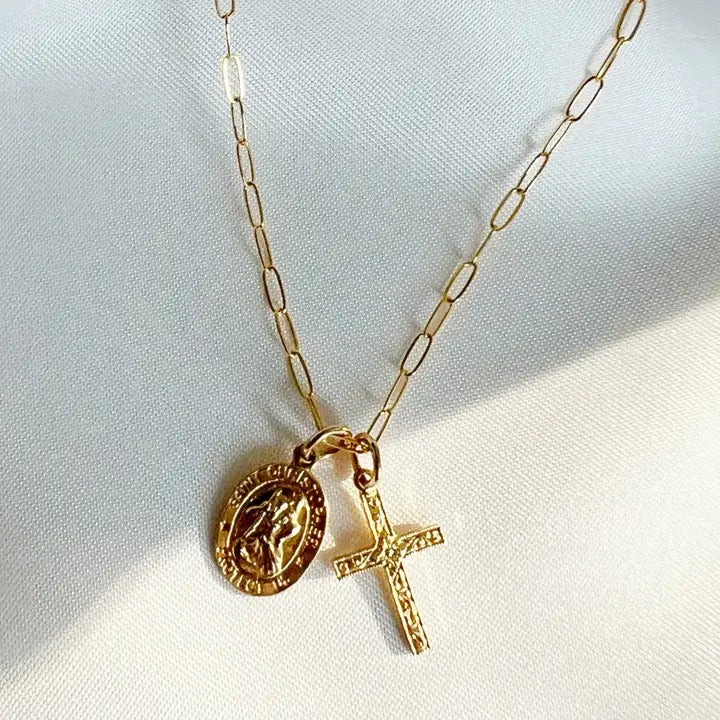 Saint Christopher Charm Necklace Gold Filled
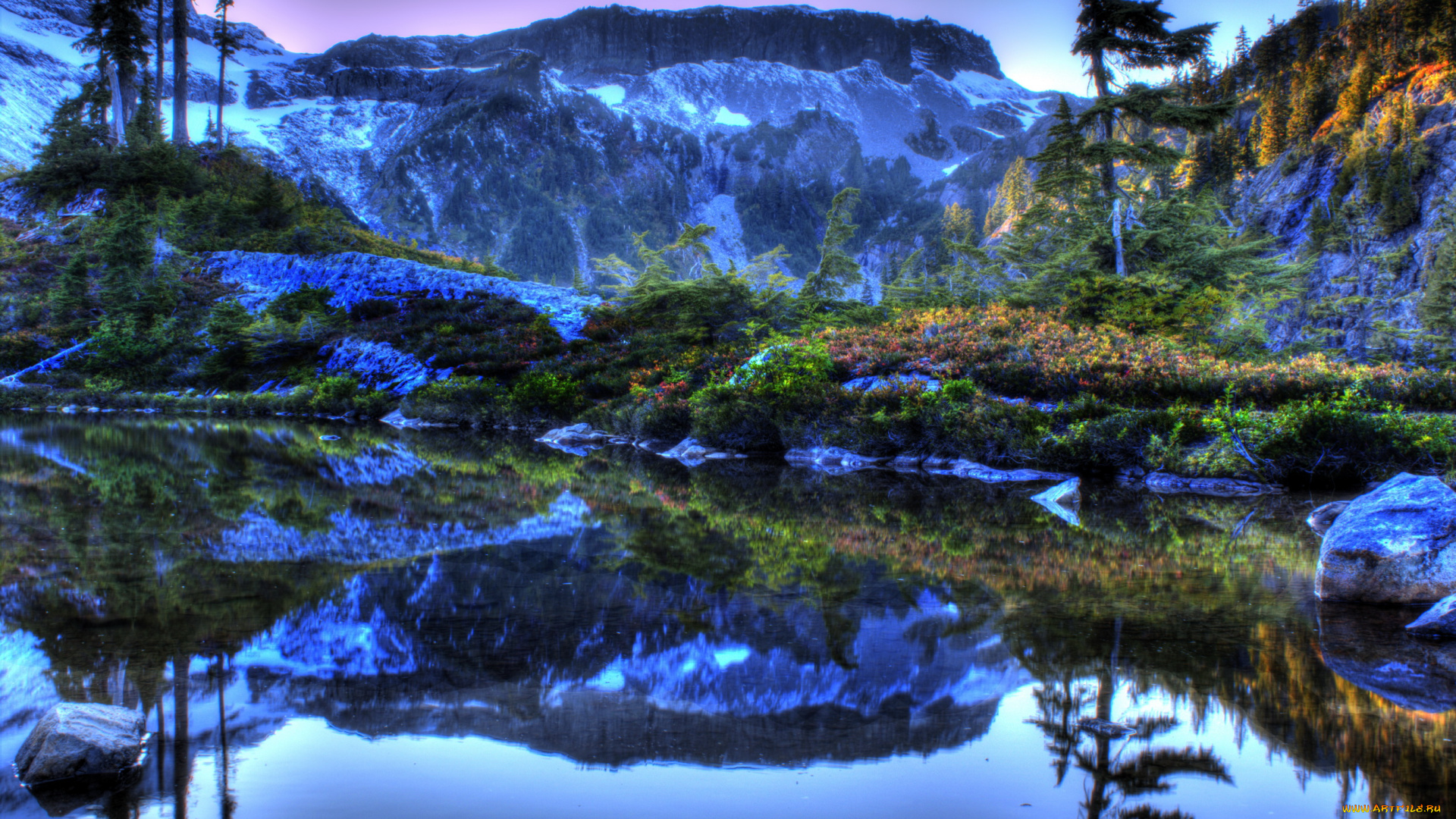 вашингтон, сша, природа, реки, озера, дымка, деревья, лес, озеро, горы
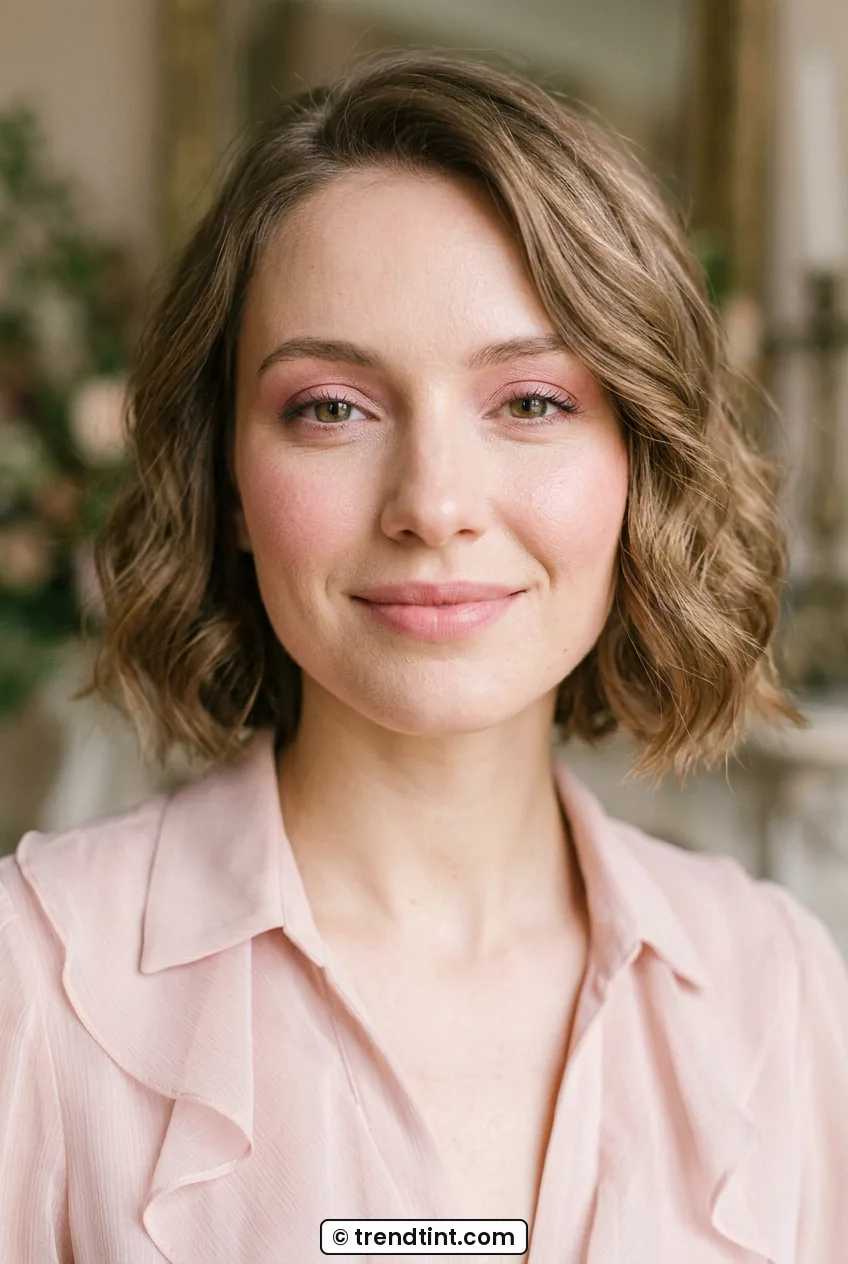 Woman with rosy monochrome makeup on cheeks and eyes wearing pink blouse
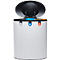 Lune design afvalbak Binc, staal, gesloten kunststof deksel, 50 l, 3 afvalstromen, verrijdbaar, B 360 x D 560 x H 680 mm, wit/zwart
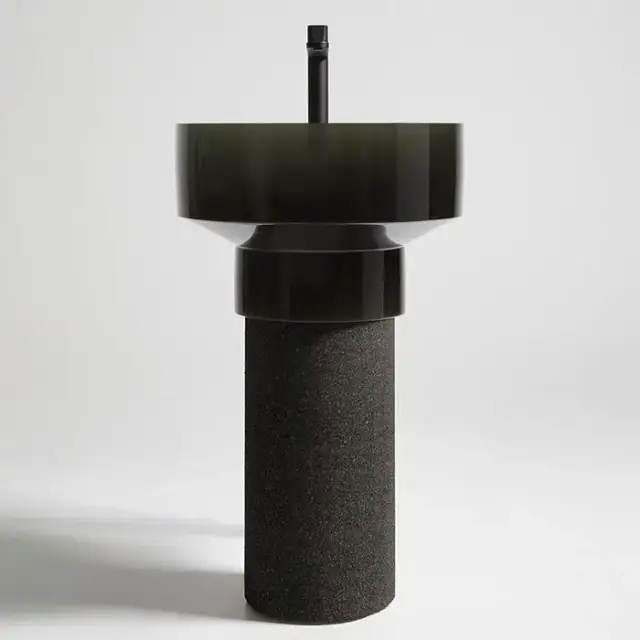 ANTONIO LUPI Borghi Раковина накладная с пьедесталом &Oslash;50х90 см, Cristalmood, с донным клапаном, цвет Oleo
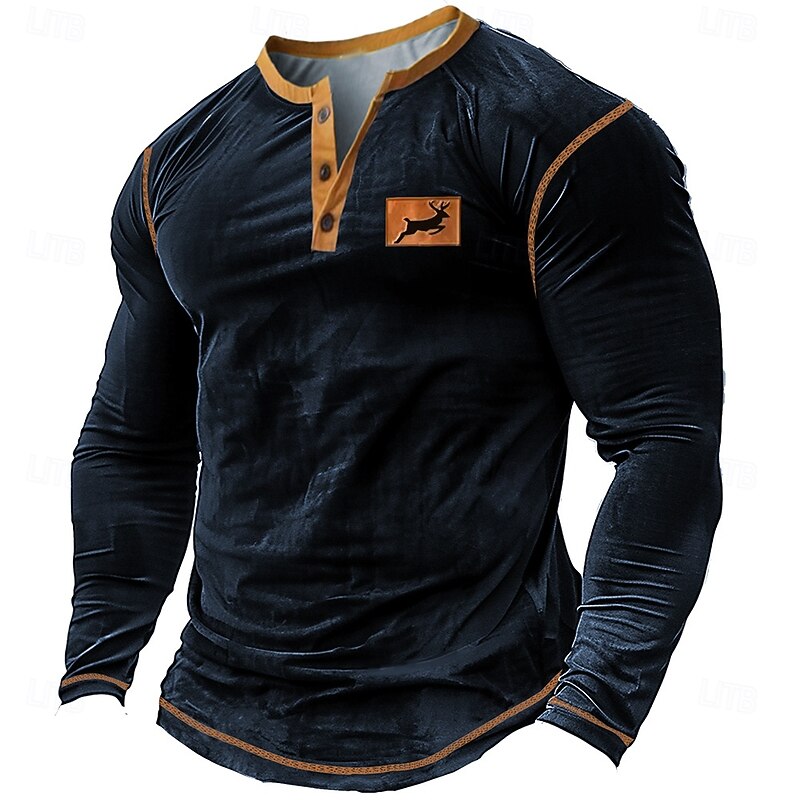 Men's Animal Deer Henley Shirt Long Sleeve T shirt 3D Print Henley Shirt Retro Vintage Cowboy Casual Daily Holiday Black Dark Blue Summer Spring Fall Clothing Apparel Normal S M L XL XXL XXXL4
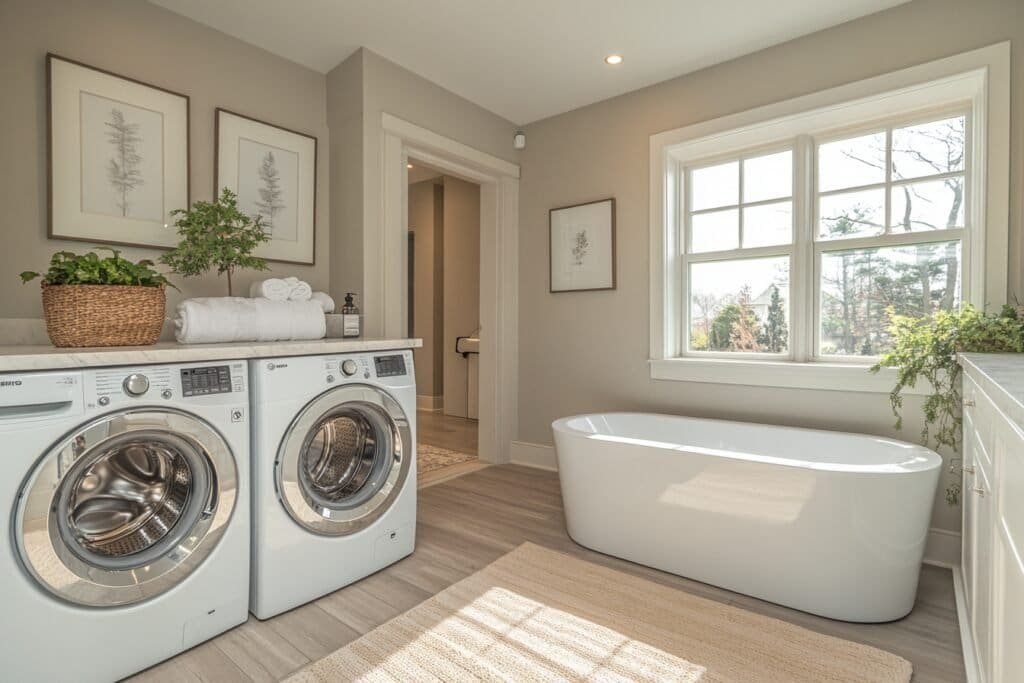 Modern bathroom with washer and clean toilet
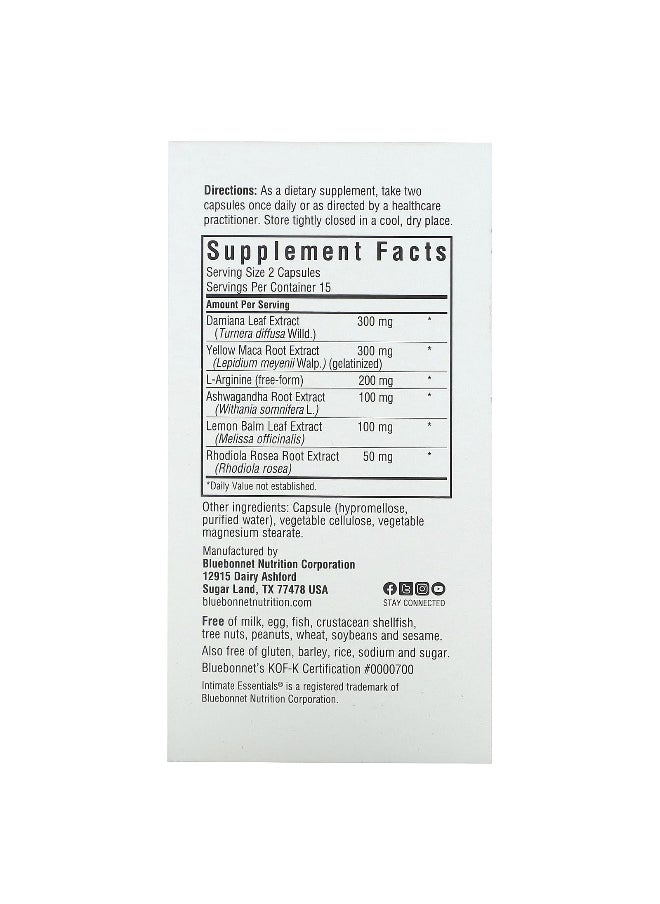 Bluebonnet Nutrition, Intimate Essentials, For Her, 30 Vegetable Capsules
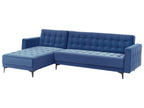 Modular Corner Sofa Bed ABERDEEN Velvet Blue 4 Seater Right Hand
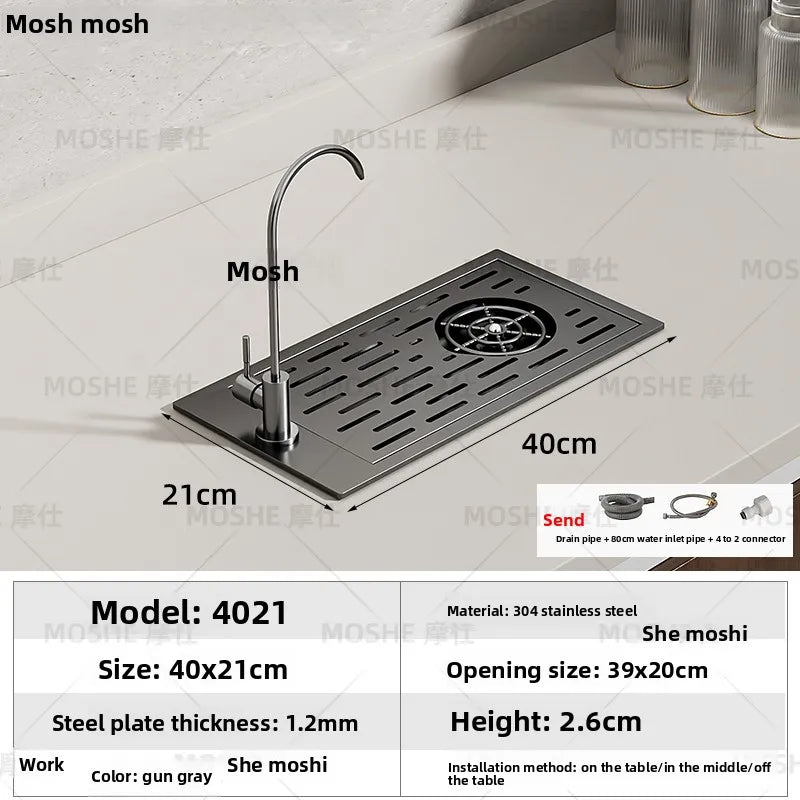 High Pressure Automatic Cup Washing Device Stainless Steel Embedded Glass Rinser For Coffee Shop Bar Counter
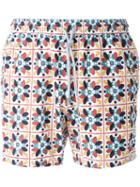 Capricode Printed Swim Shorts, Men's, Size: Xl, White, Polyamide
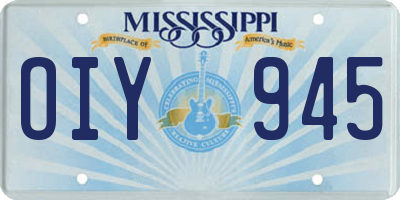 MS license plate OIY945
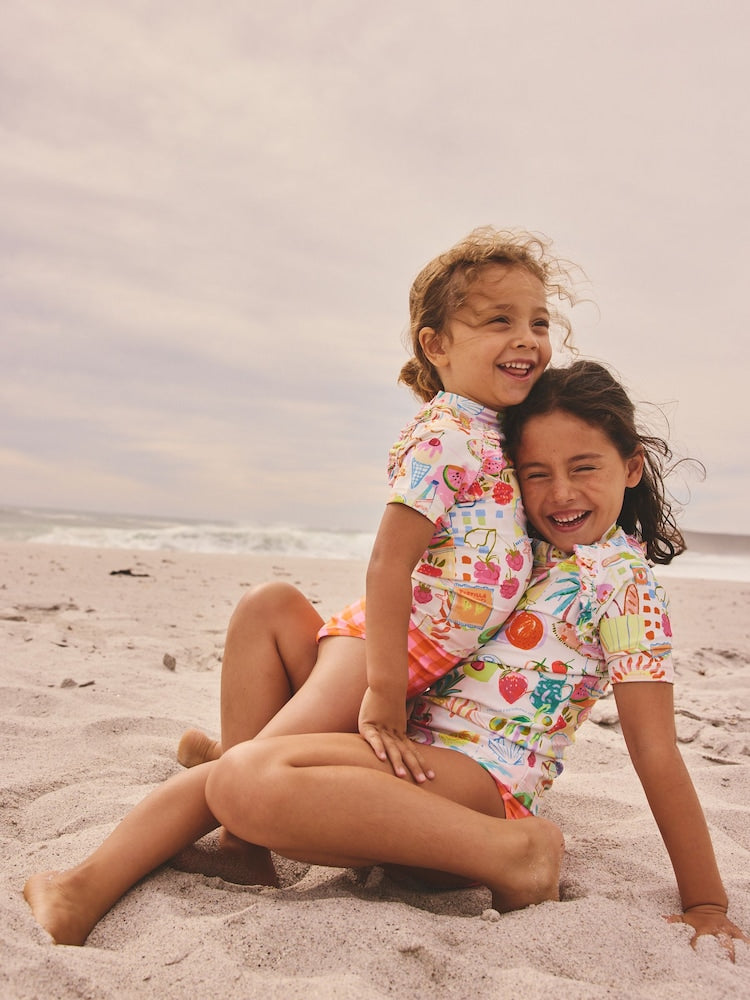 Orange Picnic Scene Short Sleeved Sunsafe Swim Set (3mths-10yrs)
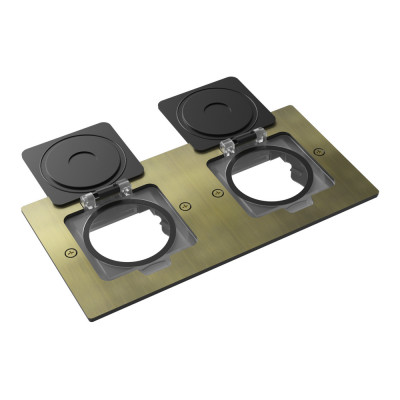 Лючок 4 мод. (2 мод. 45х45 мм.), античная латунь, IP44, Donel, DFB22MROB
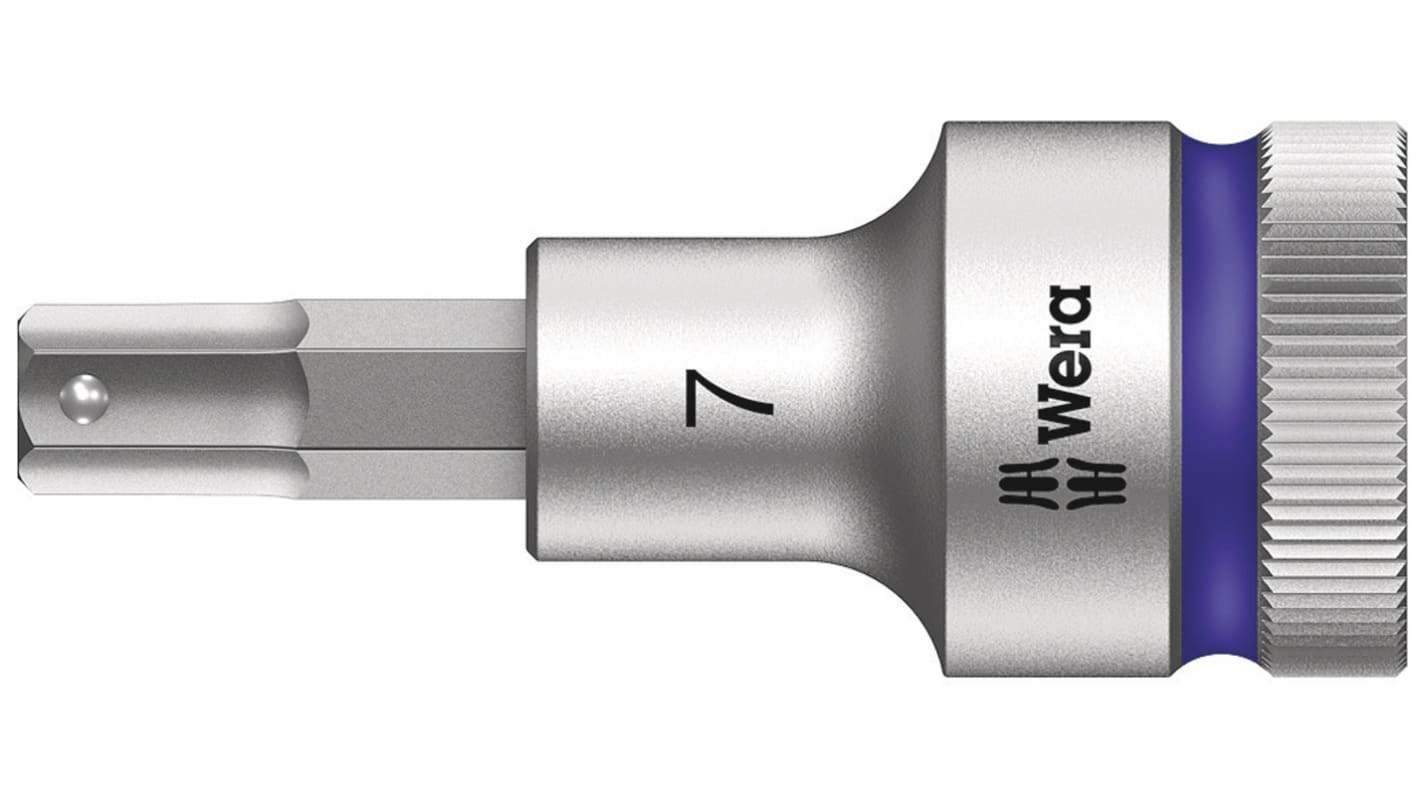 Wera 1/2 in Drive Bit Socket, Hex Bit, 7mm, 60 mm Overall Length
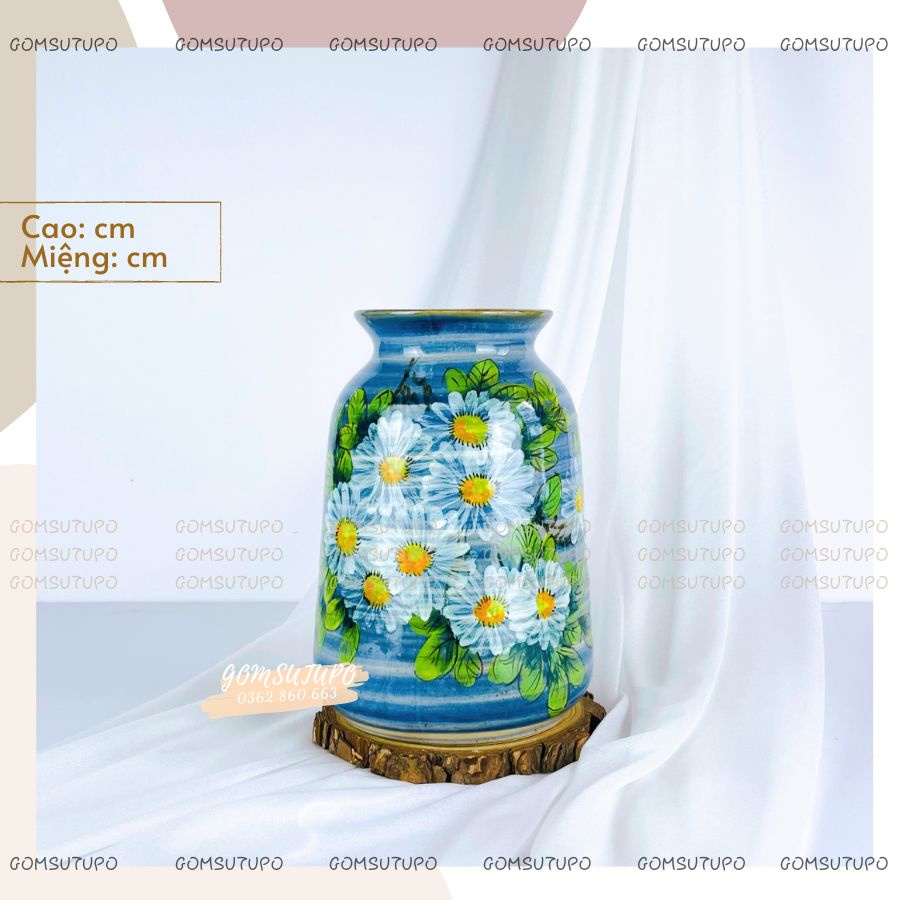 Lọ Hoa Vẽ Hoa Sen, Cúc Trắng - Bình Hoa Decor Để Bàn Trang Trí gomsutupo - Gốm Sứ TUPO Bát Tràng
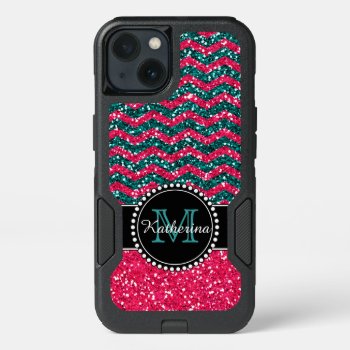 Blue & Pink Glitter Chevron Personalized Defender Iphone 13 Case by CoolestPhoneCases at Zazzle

::::

Starting at the line with "Modern bathroom with washer and clean toilet" in the entries above, write out every line exactly until the line with "Wera 1/2 in" has been written. Include no pictures and nothing more.

● Answer area:
 Modern bathroom with washer and clean toilet
 Bluebonnet Nutrition, Intimate Essentials, For Her, 30 Vegetable Capsules
 Modular Corner Sofa Bed ABERDEEN Velvet Blue 4 Seater Right Hand
 High Pressure Automatic Cup Washing Device Stainless Steel Embedded Glass Rinser For Coffee Shop Bar Counter
 Capricode Printed Swim Shorts, Men's, Size: Xl, White, Polyamide
 MS license plate OIY945
 Orange Picnic Scene Short Sleeved Sunsafe Swim Set (3mths-10yrs)
 Лючок 4 мод. (2 мод. 45х45 мм.), античная латунь, IP44, Donel, DFB22MROB
 Wera 1/2 in Drive Bit Socket, Hex Bit, 7mm, 60 mm Overall Length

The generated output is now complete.